Nothing exists outside the Whole.
The Whole is the sum total of each existent, in all its spatial and temporal aspects, including all its self-governing laws.
The Whole is not an existent, but the entire field of existence itself, and as such can only be described as an existent provisionally.
One cannot inquire into universal existence as one might inquire into a delimited particular existent.
One may easily identify a particular apple and likewise identify all things particularly not-apple. Each existent is derived from the Whole itself. But the Whole encompasses every particular existent, and so there is no not-of-the-Whole from which one may differentiate or delimit.

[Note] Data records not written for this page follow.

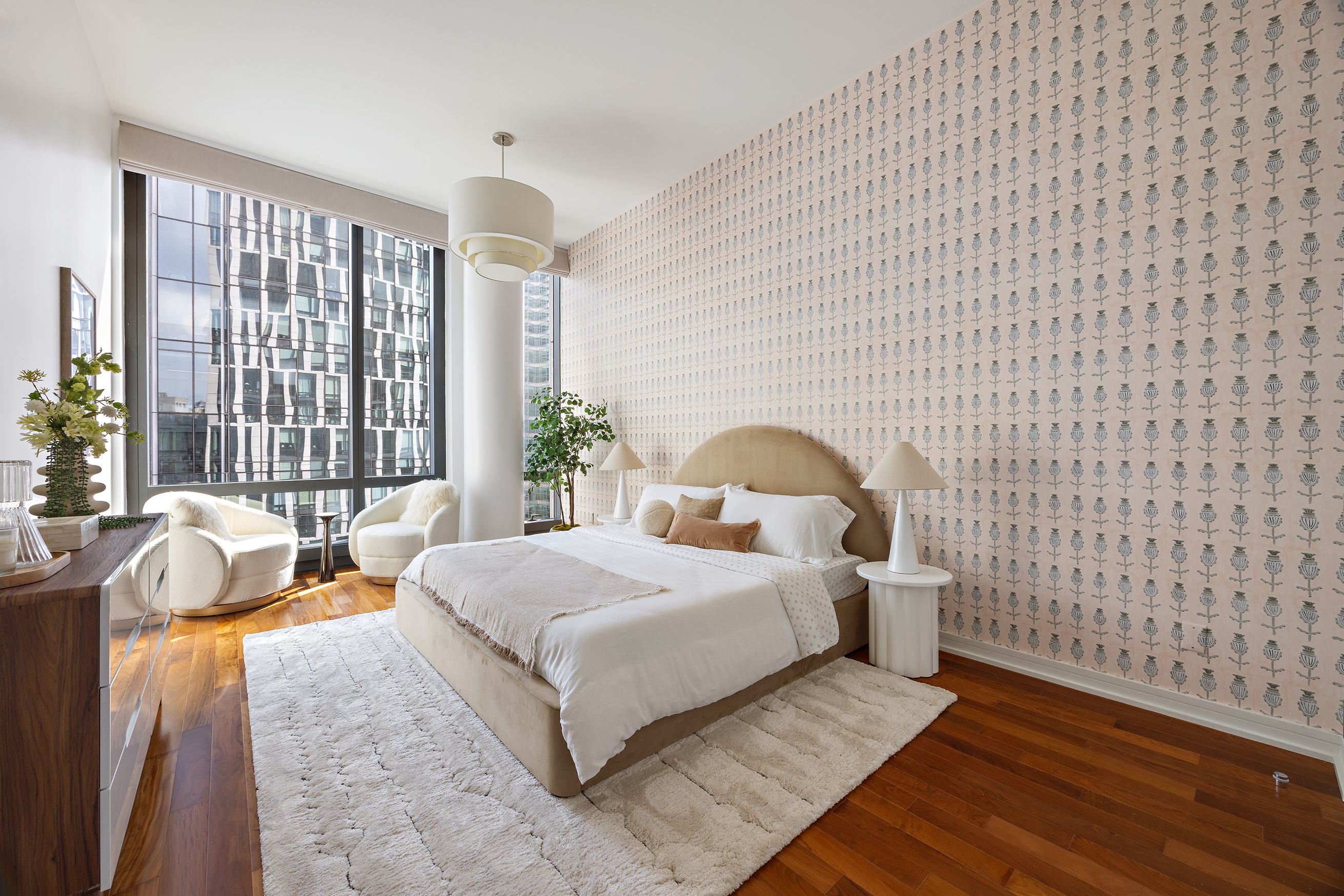 101 Warren Street, Unit 12L Manhattan, NY 10007 - Photo 12 of 28 a spacious bedroom with a bed and a window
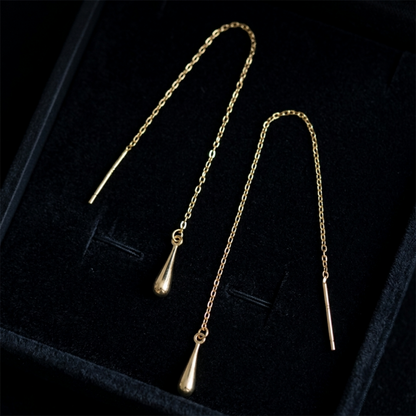 Gold-tone teardrop threader earrings with teardrop drops and long chain in box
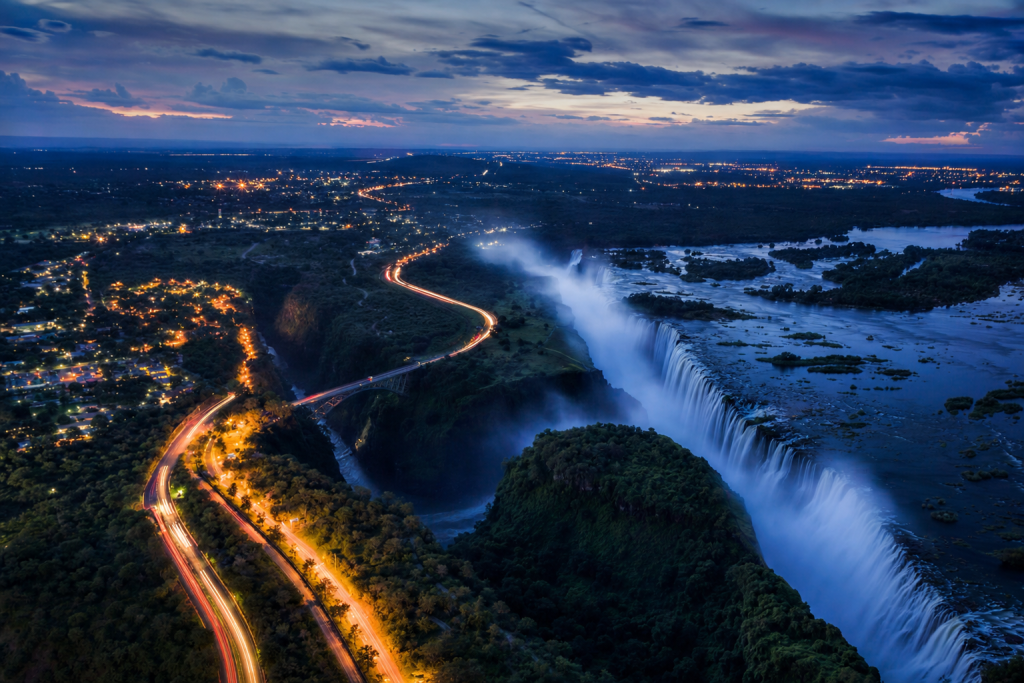 Victoria Falls high-vantage cityscape at blue hour with city lights and traffic motion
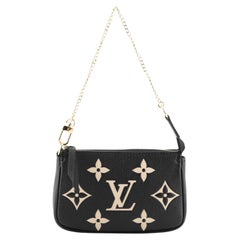 Louis Vuitton Pochette Accessoires Bicolor Monogram Empreinte Giant Mini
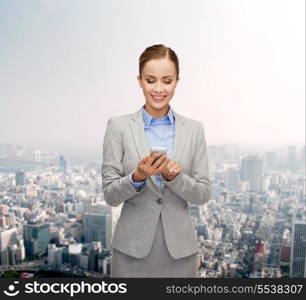 business, technology, internet and education concept - friendly young smiling businesswoman with smartphone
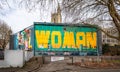 Giant anti sexual harassment graffiti on entire side of disused building near Castle Park in the centre of Bristol, UK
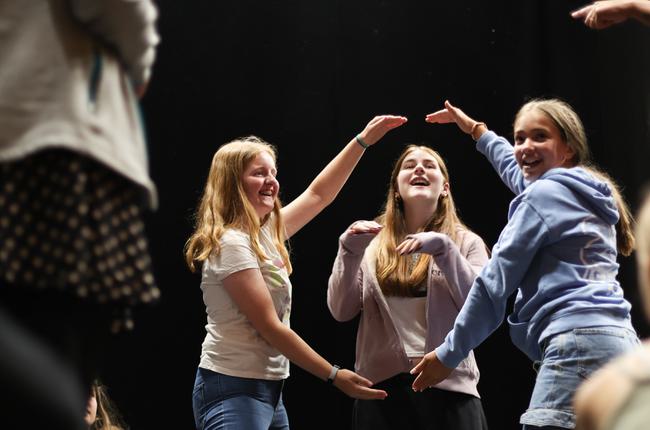 Two teen girls use their arms to create a circle in the air. A third girl pokes her head through it, her arms up as she acts like a dog. All three are laughing.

In stating the principle, Nothing exists outside the Whole, this ‘nothing’ is not to be understood as a void that the Whole resides within. Rather, it indicates that the Whole does not possess any fixed boundary beyond which a differentiated not-of-the-Whole exists, or could possibly exist.
Unlike an existent, existence does not possess the attributes of ‘inside’ or ‘outside.’ The Whole, therefore, is all-inclusive: There is no existent that is not already ‘within’ and derived from the Whole (whether one is aware of or understands any particular existent or not).
The all-inclusiveness of the Whole renders the presence of a creator god a logical impossibility, since it too would be encompassed by the Whole, thus contradicting any definition of a creator god. For the same reason, any super-natural or meta-physical world cannot be posited as something ‘beyond’ the Whole.
Spatially, the Whole is necessarily self-sufficient, since there is nothing but the Whole—and so it cannot be contingent on anything not-of-the-Whole. Not-of-the-Whole necessarily does not exist and necessarily cannot exist.
Temporally, the Whole as the Whole has neither precedent nor antecedent: The Whole never was, nor will be.
Causes may be identified (from of a complex causal web, not merely a sequential chain), found in fluctuating events occurring within the Whole. But as for the Whole itself, it cannot be derived causally from any presumed not-of-the-Whole. The Whole irreducibly Is.
Because of this ontological irreducibility, discursive language and thought is inadequate to posit the Whole in any absolute sense.
A direct, discursive understanding of the Whole is impossible because a discursive approach requires reification—that is, the ability to differentiate between one existent and another.
Discursive understanding is adept at distinguishing the individual existent as well as the rational relationship between one existent and another. But on a deeper, more fundamental level, such a mode of inquiry is ontologically inappropriate.
However, this does not mean that discursive reason has no place in ontological inquiry, but rather that its role is a negative one. In such an inquiry, language is employed not to assert positive statements regarding the Whole. Rather, it is through the negation of attributes appropriate only to the existent that the transparency of the Whole may be real-ised.
In such an inquiry, one may only provisionally posit the attributes commonly ascribed to the existent, such as ‘inside’ and ‘outside’ (spatially or temporally). It is especially this inappropriate use of prepositions (spatial and temporal metaphors) that lead to confusion regarding the relationship between the existent and existence.
Provisional assertions should be entertained only in order to test and discover for oneself that such characteristics do not and cannot be attributed to the Whole. By doing so, one may recognise that treating existence ultimately the same way as an existent is nonsensical.
It is from this inability to distinguish between existent and existence that certain misleading metaphysical assumptions about the self and the world enter one’s thinking.
In the inquiry of the Whole, such ontological assumptions are to be examined, challenged and deconstructed, with the constructive aim of real-ising of the Whole not merely conceptually, but existentially.